Dans un univers post-apocalyptique, gris et dévasté, une jeune fille au chaperon rouge déchiré chevauche un cerf. Ensemble, ils se dirigent vers la tour fumante de ce qui semble être une centrale nucléaire. Que font-ils ici ? Que s’est-il passé pour que le monde soit dans cet état ? Ce sont les questions que pose l’album sans parole intitulé Off de Xavier Salomô, aux éditions Seuil jeunesse.


Un conte écologique
Off est un album intrigant à plus d’un titre.
D’abord par sa couverture aux teintes grisâtres, à l’ambiance terne et aux références à la fois issues du conte (« le petit chaperon rouge« ), mais aussi au film d’animation japonais Princesse Mononoké d’Hayao Miyazaki ou encore au roman La Route de Cormac Mc Carthy. Etrange mélange qui, associé au titre Off, lorgne vers le récit de science-fiction.
Ensuite par son scénario mystérieux, sans parole, qui dévoile progressivement la situation inquiétante des protagonistes et surtout les raisons de leur quête. Les premières doubles-pages, assez mystérieuses, placent les personnages principaux tels deux minuscules détails au coeur du paysage dévasté, sans vie. La nature semble avoir été détruite totalement.

Alors, quand apparait la tour fumante à la porte rouge, l’on pourrait s’attendre à un refuge.
Il n’en est rien. Cette tour est en réalité le coeur d’une centrale nucléaire. Un énorme ordinateur d’où partent des câbles électriques. L’univers du conte auquel le petit chaperon aurait pu nous faire penser semble disparaitre alors pour laisser place à un récit post-apocalyptique. Et l’on comprend rapidement que le garçon et le cerf ne sont pas venus ici par hasard. Alors qu’il appuie d’un air décidé sur un gros bouton rouge qui entraine l’arrêt de la centrale, le titre de l’album prend tout son sens. L’état de la terre et de la nature semblent être la conséquence de cette activité.
Mais comment une jeune fille et un cerf pourraient-ils sauver la planète ?
les pouvoirs du vivant
Le scénario de Xavier Salomô est simple mais efficace. Après avoir appuyé sur le bouton off de la centrale, les deux personnages s’endorment au pied de l’ordinateur géant et une vue de l’extérieur de la tour nous montre des racines qui envahissent petit à petit les murs et qui semblent provenir de l’intérieur. Des bourgeaons apparaissent même.

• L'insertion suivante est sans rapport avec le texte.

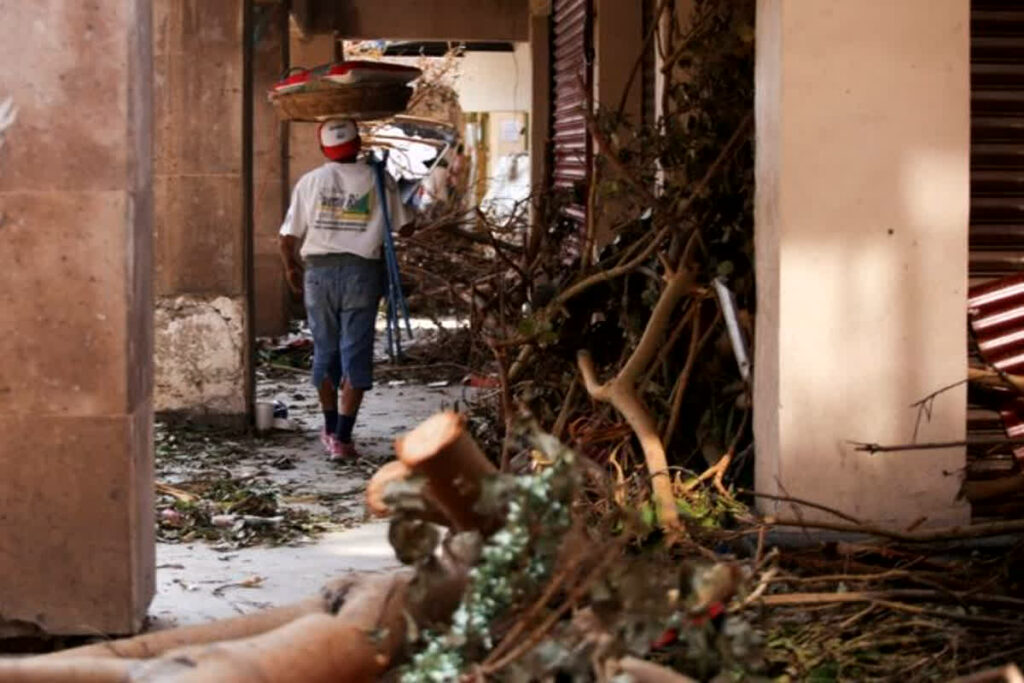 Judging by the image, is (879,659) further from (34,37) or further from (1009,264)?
(34,37)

Et lorsque la jeune fille se réveille, elle découvre qu’une forêt verdoyante, peuplées de petits animaux, a envahit les ruines de l’ancien monde.
Ce n’est que lorsque le cerf sort à son tour qu’on comprend le lien qui unit l’animal à ce renouveau : il a perdu ses bois. Ce « sacrifice » semble donc être la source de cette renaissance de la nature.
Mais l’effet est limité, comme on le comprendra dans les pages suivantes. leur voyage régénérateur n’est donc pas terminé.
La beauté de l’album tient donc à la fois à ses illustrations sobres mais évocatrices, à l’expressivité des deux personnages principaux (à leurs regards tendres ou déterminés) mais aussi au silence de la narration et à l’interprétation qui pourra ouvrir sur des questions des plus jeunes lecteurices.
Impact du nucléaire, fin du monde vivant, espoir et renouveau… Autant de thématiques qui interrogent et que la fiction permet d’aborder. Des sujets d’actualité qui nous font nous questionner : jusqu’où les hommes sont-ils allés pour en arriver là ? L’espoir viendra-t-il de la jeunesse et, plus largement, du vivant lui-même ?
Un peu d’optimisme dans un monde détruit. Nous en avons bien besoin.
Pourquoi lire Off ?
Off de Xavier Salomô est un album comme on en voit peu. D'abord parce qu'il évoque des sujets terriblement d'actualité tels que l'impact du nucléaire ou la destruction du vivant pour des jeunes lecteurices. Ensuite parce que s'y mêlent à la fois l'univers du conte mais aussi celui du récit post-apocalyptique. Entre désolation et colère, combativité et espoir, l'auteur nous offre, sans parole, un récit qui questionne. Une belle lecture engagée.